Many
times during The Stranger one feels
that Meursault is odd. Simply odd. He has lived his life in a way that no one
else that is assumed to be normal ever has.
If it is true that this novel holds a certain value because of its
questioning nature, one must link the questions that it poses to different
characteristics of mankind.
During
recent history, mankind has dedicated itself to making life interesting, be it
war, technology, or home furnishing, the human race is no longer talked about
as precisely that, a race. All our basic
necessities are covered, food, water, shelter and so on— I am not neglecting
the several situations where this isn’t true, but the human race that The Stranger refers to is not one that
is worried about starvation.
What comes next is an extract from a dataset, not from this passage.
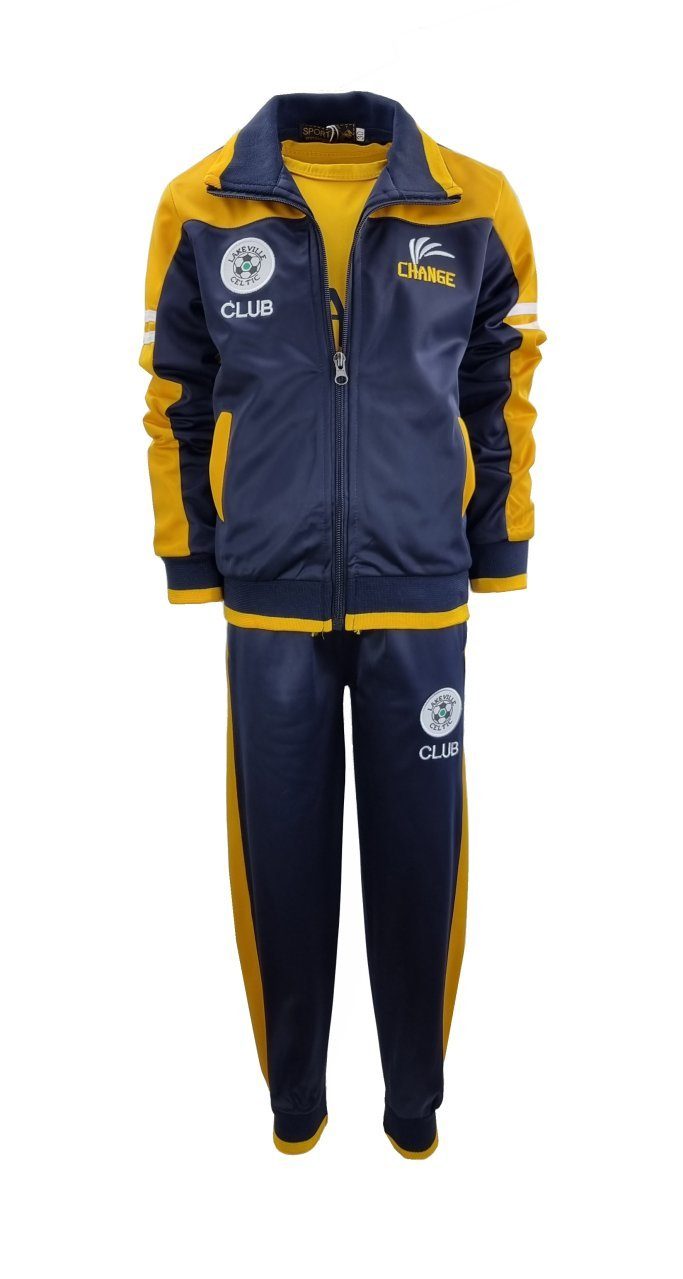 Hessis Jogginganzug Jogginganzug Freizeitanzug für Jungen/Mädchen 3 Teilig jf70 (Set, mit Jacke, mit T-shirt, mit Jogginghose) Gelb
So
Meursault is free, he can existentialize himself
all he wants, but that won’t change the restrictions that society has to impose
to maintain order. Mankind is free to
investigate science, literature, mourning-process-psychology, sports or education;
but the freedom of an individual end where those of another begin. I am obviously not the first to say this, but
given the elevated and abstract nature of the novel at hand, it is worth
mentioning. This right is not questionable,
and Camus has not respected it. He
questioned the legitimacy and importance of murder. That is not right. This, reader, is why you felt that Meursault
is odd. Simply odd. That fact that he doesn’t mourn after his
precious Maman’s death is not what makes him odd. It is that he approaches death with an
attitude that no adjective can describe.
It is wrong and it is odd.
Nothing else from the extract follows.